1826578 Members
3704 Online
109695 Solutions
New Discussion

Re: Linux server hang

 
B K Arun Kishore
New Member

Linux server hang

Problem definition:
We are facing server hang problem from past 3 months. We have analyzed all our services that we are executing, and the server logs in /var/log/ but couldn’t find the solution. We are manually rebooting the server to recover it from hung state.

Action taken:
We have analyzed all the system logs and application logs in all our servers but we haven’t found any fixed pattern of messages in system logs. We are taking memory dump by top command for every 15 minutes and we found sufficient memory left before server going into hang state.

Additional Information:
My linux server is a NFS client. I have already enabled kernel.sysrq to 1 in sysctl.conf. As the hang state is random so I am not able to use "Magic" SysRq key.

System configuration:
Red Hat Enterprise Linux ES release 3 (Taroon)
Kernel: 2.4.21-40.EL
Postgres: 7.3.8-2
Redhat Cluster Manager: 1.2.28
RAM: 2GB
Server: HP ML 370 G3, DL 760 G2

Please let me know the scenario’s in which server gets into hung state and what we need to check for rectifying the server hang problem.

Thank you in advance
5 REPLIES 5
Alpha977
Valued Contributor

Re: Linux server hang

Hello B K Arun Kishore!

Some years ago i have the same problem with 2 server, but was 2 different problems.
In the first was the unstable kernel version, have a reset or hang system. I solve with recompiling a new kernel version.
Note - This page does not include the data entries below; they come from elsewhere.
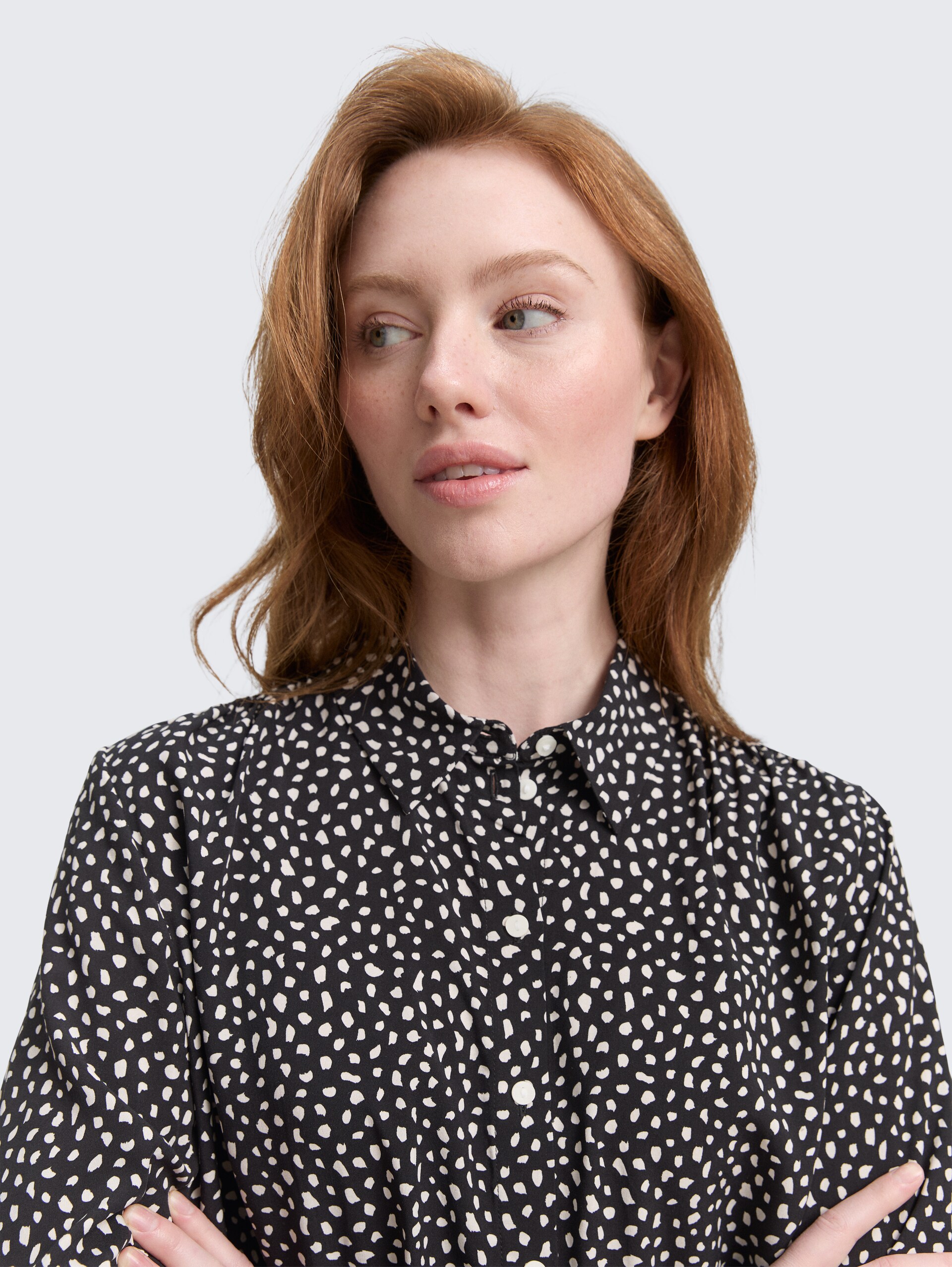 Hemdbluse mit Muster - black white dotted print - Detail-Model-Ansicht
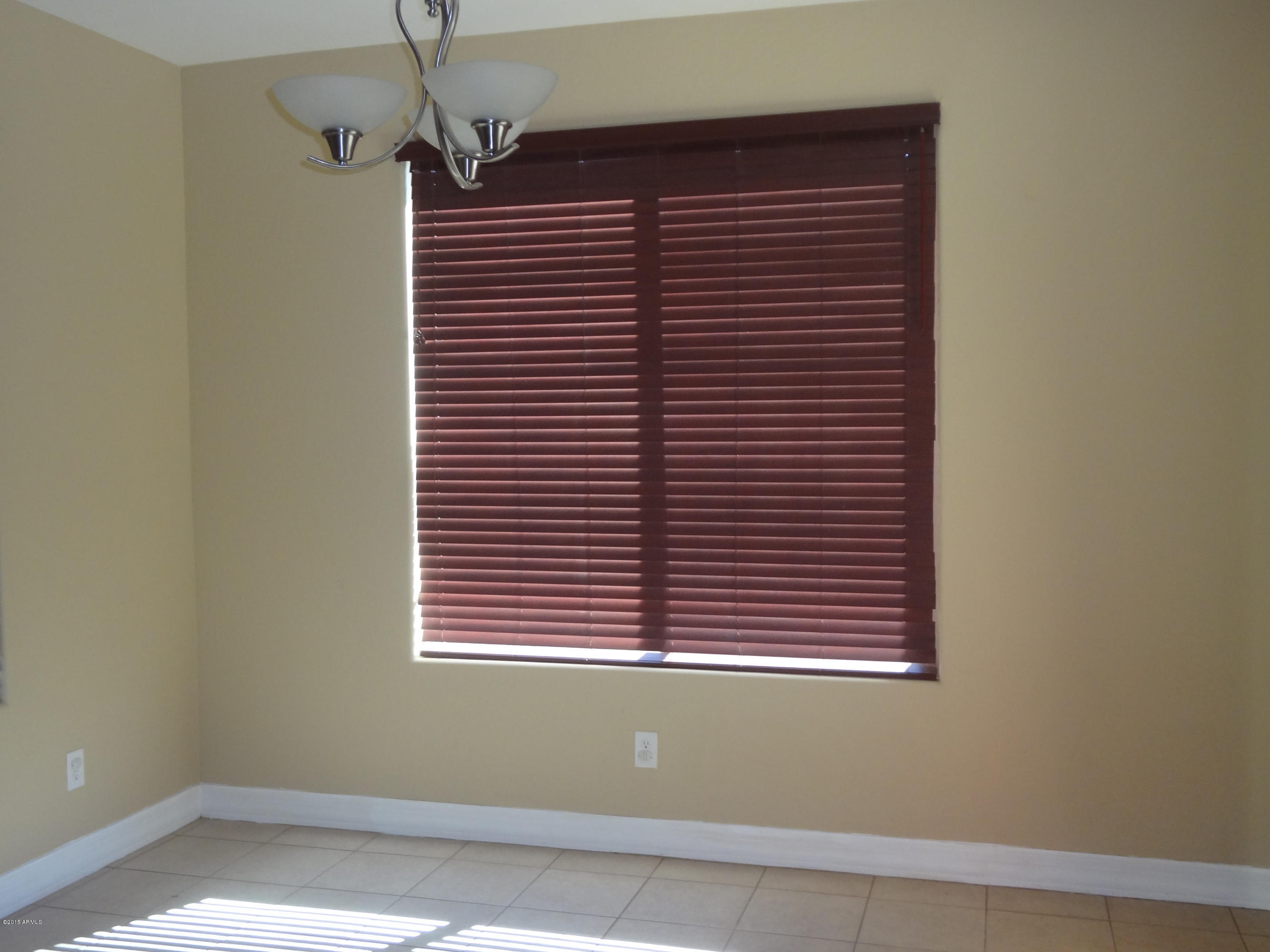 1575 W PELICAN Court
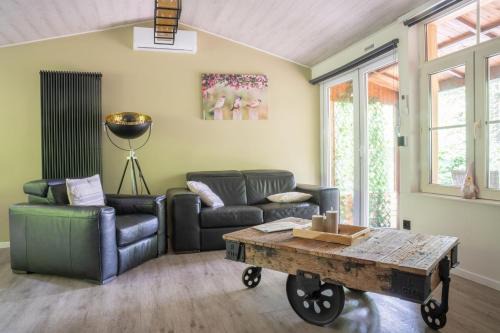 Lanaken Ski Chalet | Corgi-Flowerhuisje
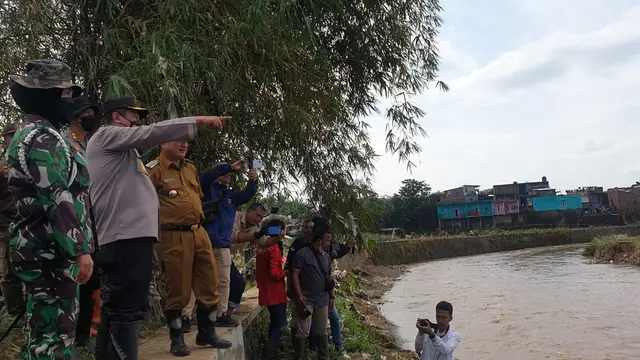 Bupati Garut Rudy Gunawan, saat mendampingi Kapolda Jabar Irjen Suntana di lokasi bencana Cimacan Garut, Senin (18/7/2022). (Liputan6.com/Jayadi Supriadin)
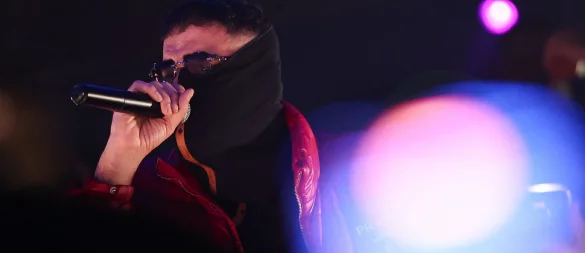 In dem Song singt und rappt der Musiker das erste Mal nur auf Türkisch. (Archivbild) - © Hannes P. Albert/dpa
In the second was a bios problem, the hardware sent a reset command continuosly.

In both cases, i don't see anything into /var/log/messages.

Try first to download and compile a new kernel version.

Regards
B K Arun Kishore
New Member

Re: Linux server hang

Hi,

I have updated by kernel version 2 month back from 2.4.21-4.EL to 2.4.21-40.EL but I am facing the same problem. Is there any tool availble to check.

Regards,
Alpha977
Valued Contributor

Re: Linux server hang

Hello!

If i don't wrong the number pair of the kernel are stable versions, the other are only for test.

ex: 2.4.20 stable
2.4.21 unstable
2.4.22 stable... etc etc

Regards.
Heironimus
Honored Contributor

Re: Linux server hang

I've also seen systems hang like that because of overheating or bad hardware. If you're not seeing any messages on the console and can't SysRq both of those are definite possibilities.

The last number of the kernel version is not what differentiates between stable and development kernels, it's the second number. 2.4.x is a release, 2.5.x and 2.3.x are development trees. In any case, if you're using RHEL you need to use Red Hat's kernels, no matter what version they are. If you're using anything else they won't support you.

You could ask Red Hat support if they know of any particular issues with that release on your hardware or have any suggestions for troubleshooting.
dirk dierickx
Honored Contributor

Re: Linux server hang

alpha779, you are mistaken, the kernel versioning does not work like that.

the reasons could be plenty. if possible try to run a hardware checker. memtest86 (http://www.memtest86.com/) is the best known and used for detecting memory problems (but your system will have to go offline for the period of the test).

you must update your whole RH system to the latest patches. not only the kernel packages are important, but things like glibc are too. update your packages with 'up2date' command.

also important, are you running a pure RH without extra software? are you using unofficial kernel modules? do you really need those? try to run without them. if you are using X, try to disable X and see what happens.